The torture of the moral conscience
The first time we were asked if we were still Legionaries, only five of us said we were not.
This was followed by the torture of the fixed position on the prici with hands raised, the beatings inflicted on those who could not endure this ordeal, then the mockery of God during Passion Week, and the “pilgrimage” on our knees across the room for eight days, culminating in the expulsion of all from the Legion.
Then Țurcanu announced to everyone that there were no more Legionaries.
We were on the seventh day of unspeakable torture. Our memories had been wiped clean of “everything we knew and didn’t know” about our activities and those of the “free.”
In order to escape this unbearable torment, many of us—especially the young—told truths and untruths, known and unknown, because the suffering had exceeded the limit of human endurance.
The Romanian proverb “God forbid that a man should have as much as he can bear” had come true in a dramatically tragic way. The photograph of these figures, expressing despair at its height and agony to the point of madness, would have been the most shocking proof of the bestial, Satanic unleashing. Psychologists, parapsychologists, psychiatrists, and other specialists would have had a wealth of material to study. These images would have illustrated, in full, what communist terror meant and why there had been no uprising in the communist empire against such diabolical rule.
If the written and unwritten testimonies had robbed us of our memory, if the denial of the Legion had compromised us as Legionnaires, the most despicable torture, which took place in our privacy, was the prostitution of our moral conscience.
Conscience is the most intimate part of the human being.
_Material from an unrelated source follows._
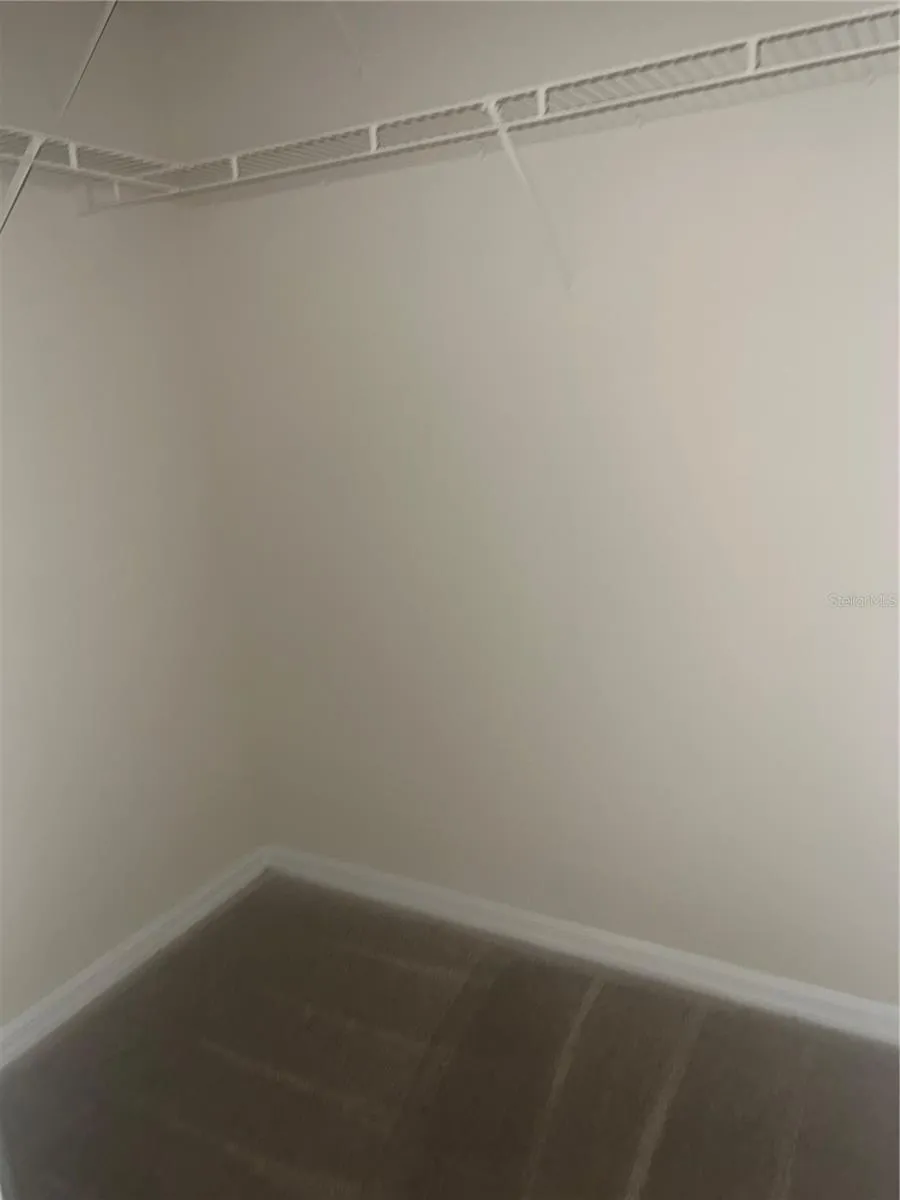 18107 PEREGRINES PERCH PLACE #6310 Lutz, FL 33558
It is because of this intimacy, inaccessible to any other person, that the Saviour instituted the sacred Sacrament of Confession, by the power given to the holy Apostles and transmitted by them to all priests until the end of the world, with the words:
“What you loose on earth you will loose in heaven, and what you bind on earth you will bind in heaven.”
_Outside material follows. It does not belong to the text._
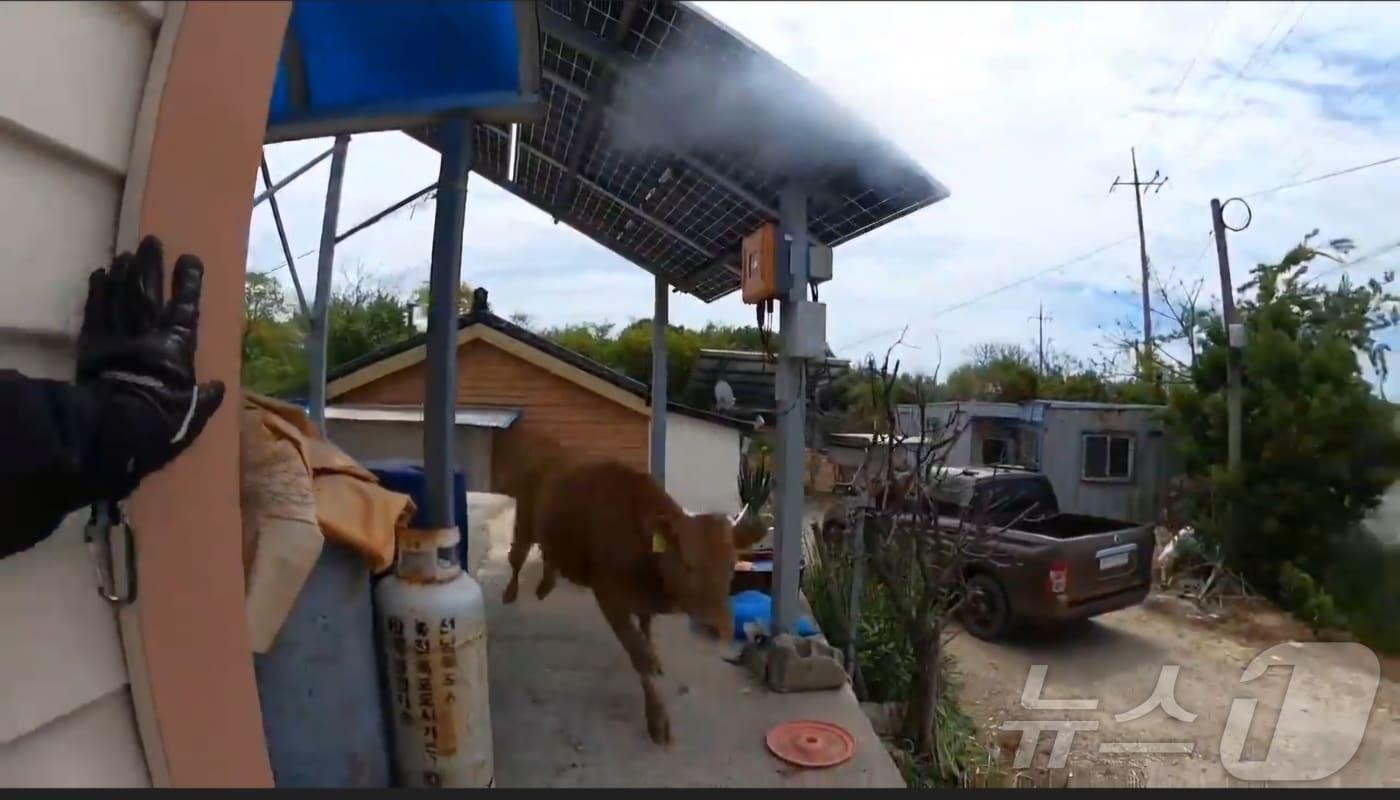 본문 이미지 - 28일 오전 전남 신안 한 농가를 탈출한 소가 소방대원을 피해 달아나는 모습.(사진=전남소방본부 제공. 재판매 및 DB 금지) 2026.4.28 ⓒ 뉴스1 최성국 기자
This mandate, entrusted to man through the priests, is the mandate by which God allows man to participate in the great work of his salvation.
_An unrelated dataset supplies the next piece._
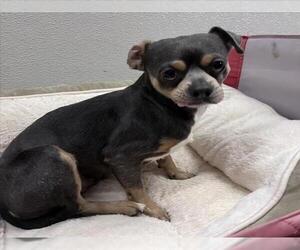 Chihuahua Dogs for adoption in Tracy, CA, USA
The person who confesses empties his conscience before his confessor of all that is inhuman in him, of all the temptations and seductions of the devil, of all the evil he has done to his fellow humans.
Of all the tortures I have seen—and of which the reader is now aware—the moral torture is beyond imagination. Therefore, no one in this world has the right to violate the privacy of another’s conscience under any circumstances, because freedom of conscience has been granted to man by God.
Each one of us was tortured to realise that there was no escape from this moral “prostitution.”
That is why some of us invented or exaggerated facts that not even the sickest mind could believe, just to be believed and escape further torture. We were asked whether, in addition to stealing, lying, and cheating—which had to be confessed publicly—we had also committed sexual perversions, the prostitution of conscience, or other sexual deviations. The young Legionaries, in the Brotherhoods of the Cross or in the student centres, had been educated to be free of perversions, both moral and sexual.
Before the torture committee, we were asked if we had committed sexual perversions. If you answered “no,” you were tortured for not having done it; if you answered “yes,” you were tortured for having done it. Either way, you were tortured.
So you ended up in Andrișan’s situation, beard or no beard. In this madness of despair, after constant torture, many came to the conclusion that they would “say anything and do anything.”
At that stage, when the power of judgment, modesty, and common sense had long been abolished, when the tortured man was writhing in the mud, knowing that tomorrow he could go mad under the likes of Pintilie, Nedelcu, and Ionescu, what more could one ask of this young man?
Some of us began to recount, without hesitation, all sorts of facts that defy pathology. Poor people—they had no judgment, no will, completely insane.
That is why they declared that they had committed all kinds of sexual perversions, even with domestic animals, mothers, sisters, relatives, and close friends.
It was as if Sodom and Gomorrah had been transplanted into Pitești prison.
When such statements were made, one wondered—without having an answer—whether you were mad and didn’t understand what your comrade was saying, or whether he was mad and you could not comprehend why he had gone insane.
This prostitution lasted about 15 days. In hard labour and in cellar room 3, these testimonies were more restrained.
In the Gherla testimonies of the younger ones, the accounts were so scabrous that one is ashamed even to remember them, let alone write them down.